How strongly do I recommend SQL Antipatterns?
8 / 10
SQL Antipatterns explains common mistakes in database design, plus a few application design errors that lead to database problems.
Readers will get the most from this book when they’ve personally made the mistake or at least experienced the consequences. In other words, SQL Antipatterns isn’t a book for SQL beginners but is perfect for experienced engineers.
Personally I’ve made each of these mistakes and it felt rewarding to see them named. I also found several improvements I can make today to applications I currently work on.

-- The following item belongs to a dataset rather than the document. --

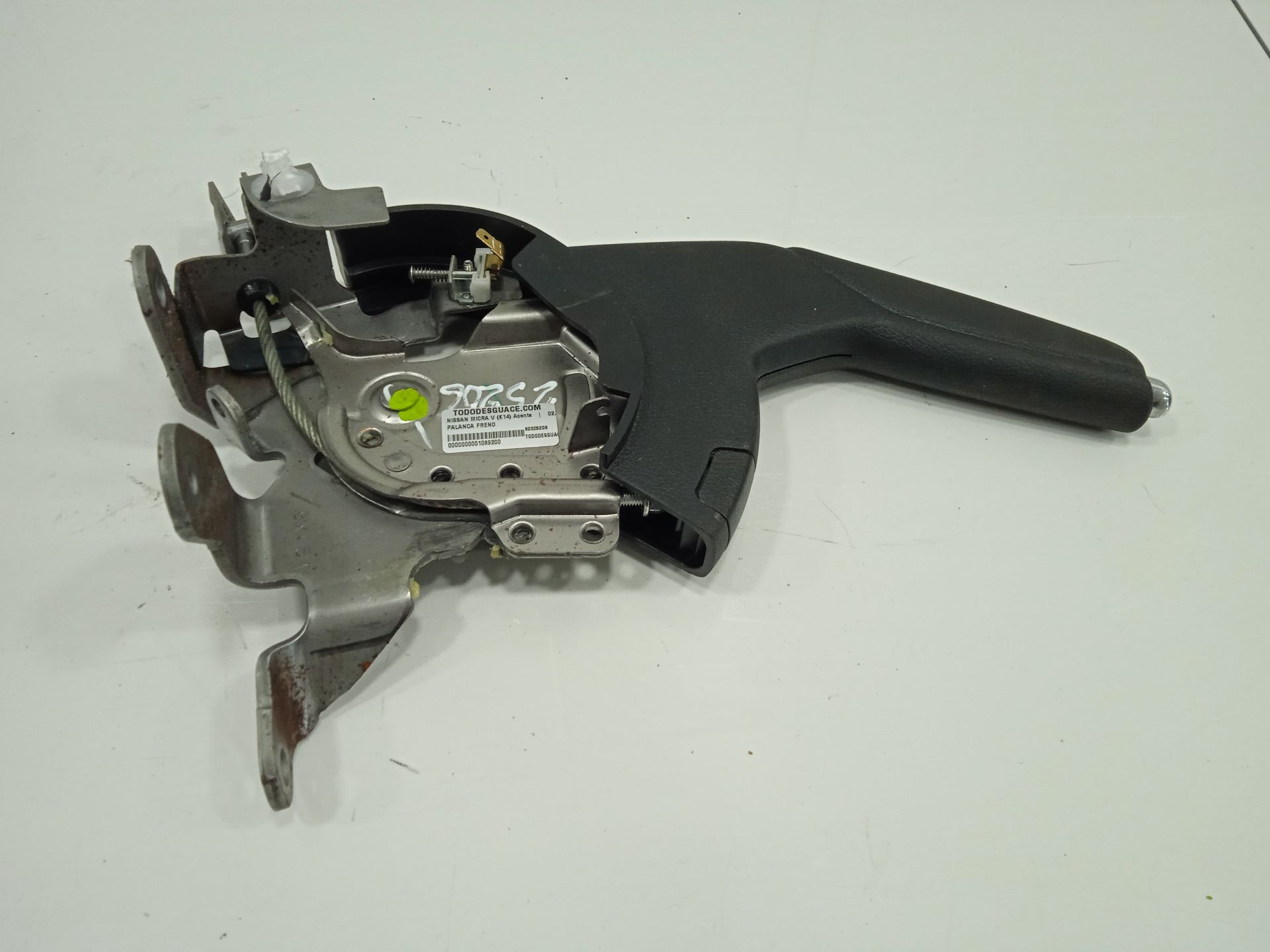 Palanca freno nissan micra (k14) acenta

I would love for someone to write an extension to this book – Refactoring SQL Antipatterns at Scale. While SQL Antipatterns helps you identify structural mistakes and proposes better solutions, transitioning to those better solutions is often difficult when you’re dealing with millions or billions of records.
The Entity-Attribute-Value antipattern frequently comes with claims of unlimited flexibility.
Each time I’ve implemented this antipattern in my career, I thought I was being clever. Rather than defining the fields/attributes myself, end users could define the object attributes as they see fit. The possibilities are endless!
But frequently, I was sacrificing performance, queryability, and referential integrity while prematurely optimizing for flexibility, which often wasn’t required.
Imagine hearing that your content management database supports up to three tags per article. Arbitrary limits may signal an antipattern like Multicolumn Attributes, with unexpected inflexibility baked into your schema.
Backing out of these inflexible structures gets harder as more data gets added to your system because data migrations become more expensive and error prone.
In complex applications you often need to join many tables with complex logic. You write a giant query. That feels messy though, so you start refactoring it into subqueries or concatenated sections.
Each day for a week, you report in standup that you’re still working on this monster query. It’s a beast.
By the end of the week, your query feels more modular, but you also have no real idea what’s happening. Reviewing the code six months from now will confirm this.
Another downside to having monster SQL queries is that splitting your application from monolith to microservices will be harder because data is being fetched across multiple problem domains.
Your query may perform better, but it’s also possibly an unmaintainable mess and you should consider breaking this up into several distinct queries.
By coupling data to model structures like Active Record does, we reduce testability and often push glue logic up into controllers, whereas it may be better positioned in a service or pure model.